The company's shares fell $8.08 as of 11 a.m. ET Tuesday after a weak earnings report, theoretically costing the Oracle of Omaha about $640 million.
He is also IBM's largest shareholder, with almost 20 million more shares than the next-biggest investor.
To be sure, Buffett takes a very long view, and he added to his IBM holdings earlier this year. As recently as May, he said he expected to make "considerable" money on IBM over the long term.
But it's also not the first time IBM has cost Berkshire a lot of money on a bad quarter.

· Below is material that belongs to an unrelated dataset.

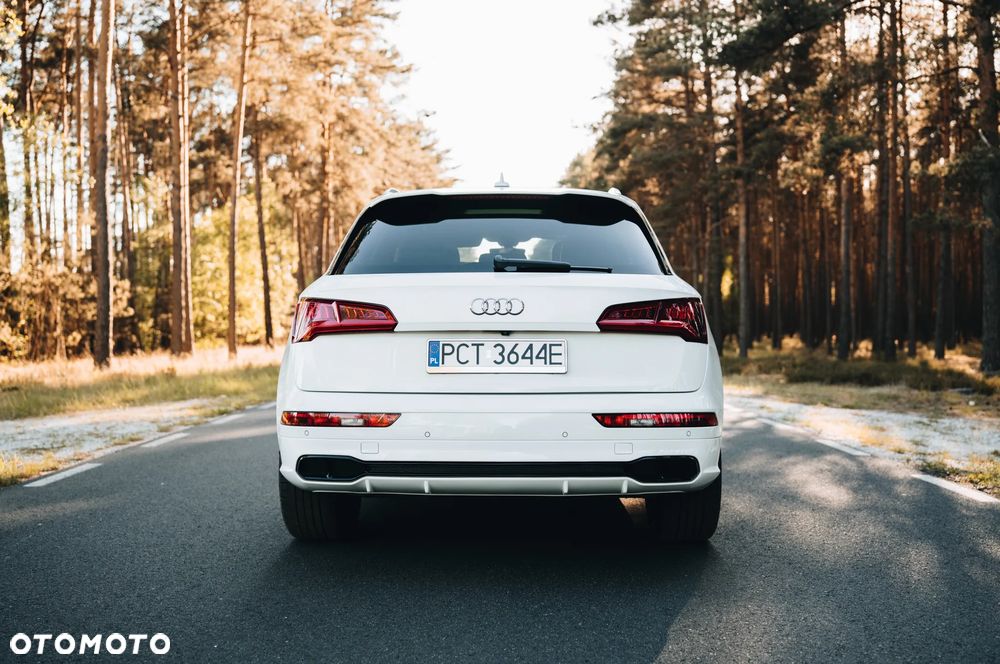 Audi SQ5 - 4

Last October, IBM's sharp drop after earnings wiped just over $1 billion off Berkshire's books. This past July, another IBM weak quarter cost him more than $700 million the next day.
IBM said Monday it had beaten analysts' earnings estimates, but missed revenue expectations for its third quarter.
The tech giant reported earnings of $3.34 per share on $19.28 billion in revenue. Analysts had expected IBM to report earnings of about $3.30 a share on $19.62 billion in revenue, according to a consensus estimate from Thomson Reuters.
"EPS is affected by the value of the dollars you earn overseas which just aren't as strong," Ariel Investments' Charlie Bobrinskoy told CNBC. "We've got weakness in Asia, we've got some weakness in parts of Europe. So I think IBM's a perfect example. We're very long term bullish on it but I think it's going to be a very choppy quarter."